Having a Biblical worldview is not the same as being a Christian. Ideally all Christians would have a Biblical worldview but the numbers don’t reflect that. Many people in America consider themselves a Christian. Depending on the survey anywhere from 75-90% of Americans consider themselves Christian when asked. When asked about details of their faith, less than half meet the standard of evangelical Christianity however.
For our purposes a Christian is someone who has a personal relationship with Jesus Christ and believes that they will go to heaven on the basis that they have confessed their sins and accepted Jesus as their savior. Even among this very generic and simple definition of a Christian, few Christians have a Biblical worldview.
So what is a Biblical worldview then?
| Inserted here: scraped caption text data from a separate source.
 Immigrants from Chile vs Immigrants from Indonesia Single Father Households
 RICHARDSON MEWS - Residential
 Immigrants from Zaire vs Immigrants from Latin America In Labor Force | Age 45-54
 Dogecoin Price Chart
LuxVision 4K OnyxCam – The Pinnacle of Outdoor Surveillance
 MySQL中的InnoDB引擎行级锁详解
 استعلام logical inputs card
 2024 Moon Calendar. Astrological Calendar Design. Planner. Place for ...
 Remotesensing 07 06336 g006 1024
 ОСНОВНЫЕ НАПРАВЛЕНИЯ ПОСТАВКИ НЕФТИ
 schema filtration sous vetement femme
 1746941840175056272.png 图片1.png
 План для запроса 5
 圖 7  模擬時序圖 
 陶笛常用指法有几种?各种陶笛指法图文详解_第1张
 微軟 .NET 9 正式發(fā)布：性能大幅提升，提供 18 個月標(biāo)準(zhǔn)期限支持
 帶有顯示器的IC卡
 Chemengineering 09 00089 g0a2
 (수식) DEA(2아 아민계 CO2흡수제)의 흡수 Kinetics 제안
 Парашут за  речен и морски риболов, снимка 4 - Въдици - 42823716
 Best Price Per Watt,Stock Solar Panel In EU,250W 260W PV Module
Researcher George Barna (www.barna.org) has done a lot of research in this area and I will use his definition and research findings. A Biblical worldview is defined as believing that absolute moral truth exists, believing that the Bible is accurate in all of its teachings, believing that Satan is a real being or force and not just symbolic, believing that a person can’t earn their way into heaven through a good life or good deeds, believing that Jesus lived a sinless life, and believing that God is the all knowing, all powerful creator who still rules the universe.
When those standards are applied, only 9% of America has a Biblical worldview – that’s Christian and non-Christian combined. This is pretty lousy when we consider that so many consider themselves a Christian but not completely shocking because we shouldn’t expect non-Christians to have a Biblical worldview. What is more shocking is how few have a Biblical worldview who meet the evangelical definition of Christianity. The numbers only double to 19% of Christians who have a biblical worldview. While this is certainly troubling, there may be more problems in the future. Young adults aged 18-23 had an extremely poor showing of a Biblical worldview. Only 0.5% of this age group can be classified as having a Biblical world view.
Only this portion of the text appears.